Mr. Lamp’l is no tomato slouch, either. Each year, under lights in his Atlanta-area basement, he sows more than 40 varieties — a total of about 2,000 seedlings. He transplants 60 into his raised-bed garden; the rest go to an annual plant sale that he holds with his younger daughter, Amy.
Dr. LeHoullier recently moved to the Blue Ridge Mountains of western North Carolina from Raleigh, where he held a similar annual sale. But now he is paring down, from a peak of 150 varieties a year to maybe 50, with one plant of each grown mostly in straw bales, not garden beds.
“The fruit set is too good here, without so much heat and blossom drop,” he said of his new location. “Last year, with 100 plants, I was picking 75 pounds daily for a month.”

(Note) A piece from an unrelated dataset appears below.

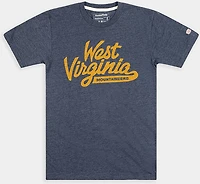 Homefield Men's West Virginia Mountaineers Retro Script Short Sleeve T-shirt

Yes, there is such a thing as too epic.
So Many Tomatoes, So Little Space
Despite their shared passion, these two successful gardeners differ in their choice of gear and the subtleties of their techniques — the methods to their tomato madness. Likewise, they have an ongoing debate about which tomato best anchors a BLT.
Dester, Dr. LeHoullier says emphatically, while Mr. Lamp’l insists on Black Krim.

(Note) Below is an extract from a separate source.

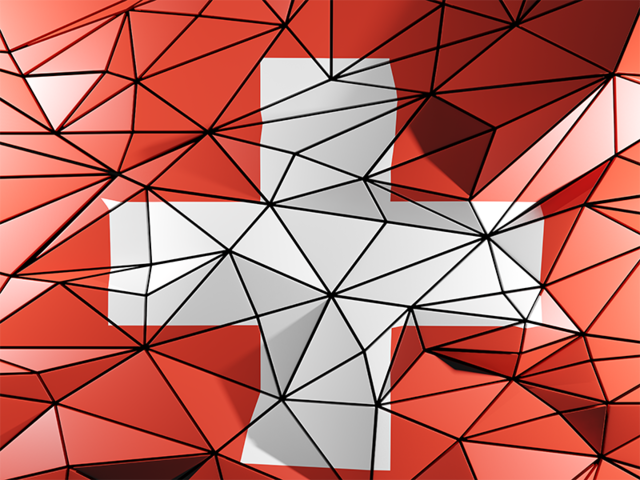 Triangle background. Download flag icon of Switzerland at PNG format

And for sauce? Whatever is ripe, other than cherry types, they agree. It’s too much work to skin so many little guys for a batch.
There’s another point on which they concur, as well: Every gardener should dig into the catalogs and explore all the possibilities.

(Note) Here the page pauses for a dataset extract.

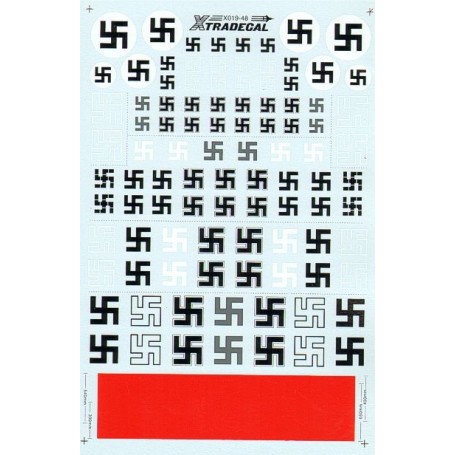  Calcomanía Luftwaffe Swastikas. Various styles including solid outline and stencil in white black and grey. Also includes pre-w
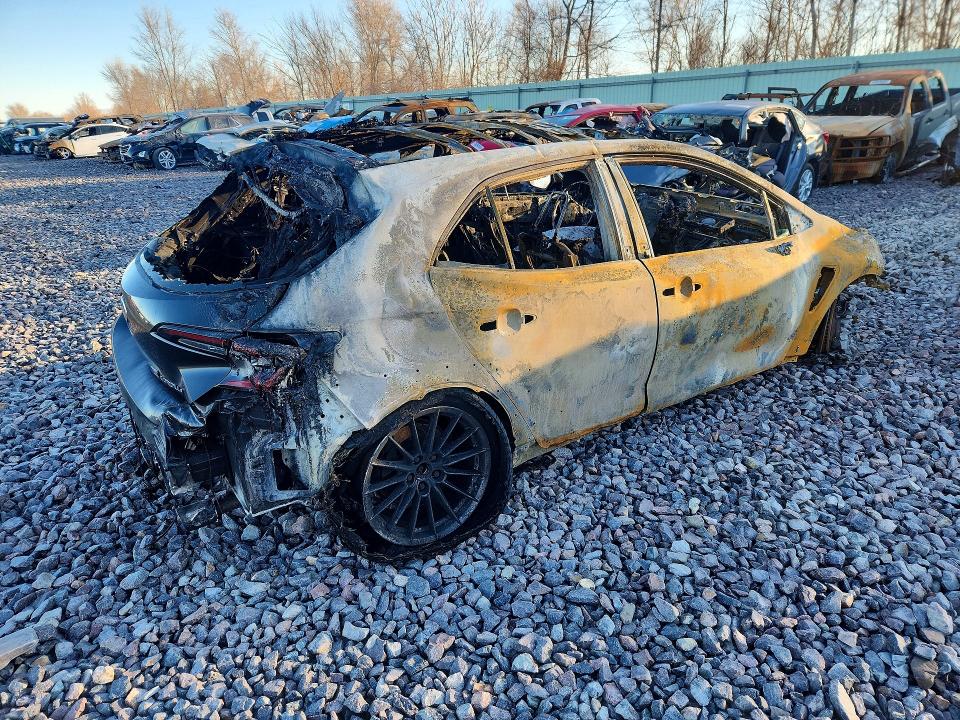 2025 Toyota Gr corolla VIN JTNABAAE7SA018311 COPART salvage auction — BURN, IL - SALVAGE CERTIFICATE, sold $175 on 2026-07-27 (photo 3)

“The diversity of catalogs is where tomato dabblers become the tomato obsessed,” said Dr. LeHoullier, who named the popular heirloom Cherokee Purple in 1990. (It came from seed that had been passed down and eventually made its way to him.)
Some of his recommended sources include Southern Exposure Seed Exchange, whose founder tried some Cherokee Purple seed that Dr. LeHoullier shared, and introduced the variety to commerce in 1993. The Seed Savers Exchange, a nonprofit whose catalog showcases heirlooms, is “pivotally important,” said Dr. LeHoullier, who serves as the group’s tomato adviser.
Johnny’s Selected Seeds and Pinetree Garden Seeds also make his list, along with Victory Seeds, which offers all of the varieties from the Dwarf Tomato Project, a breeding effort that Dr. LeHoullier co-founded in 2004, with about 145 varieties. It’s “the heirloom experience with short plants,” he said, “and no need to deal with suckering.”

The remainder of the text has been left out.